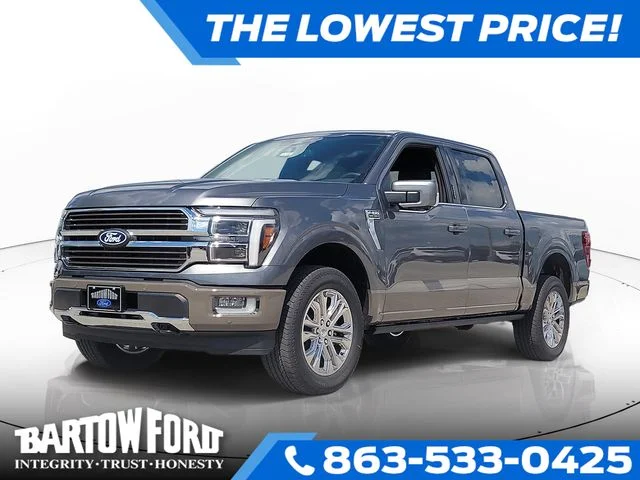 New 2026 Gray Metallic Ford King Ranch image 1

########################################

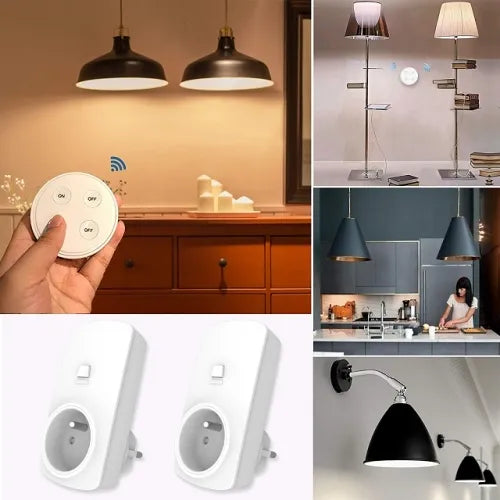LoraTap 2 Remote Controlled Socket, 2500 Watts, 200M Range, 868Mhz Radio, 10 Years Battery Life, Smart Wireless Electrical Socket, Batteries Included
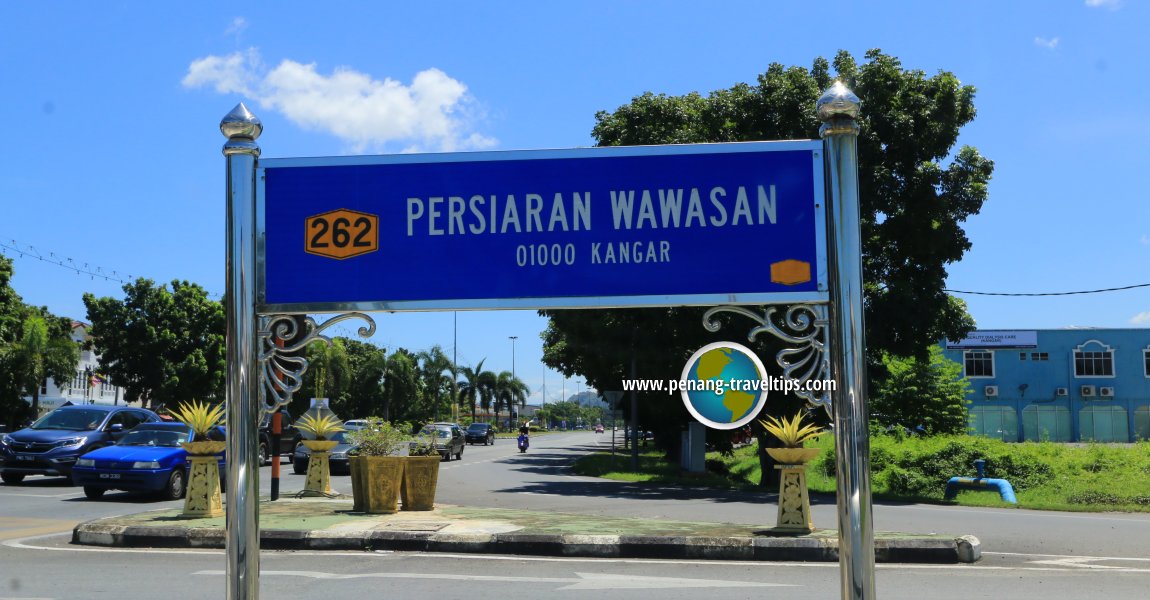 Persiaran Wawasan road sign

########################################

◆ Task goal
Give back exactly the lines above that run from the one with "LoraTap 2 Remote" to the one with "Persiaran Wawasan road sign", including both, with the pictures left out.

◆ Result for this task
LoraTap 2 Remote Controlled Socket, 2500 Watts, 200M Range, 868Mhz Radio, 10 Years Battery Life, Smart Wireless Electrical Socket, Batteries Included
 Persiaran Wawasan road sign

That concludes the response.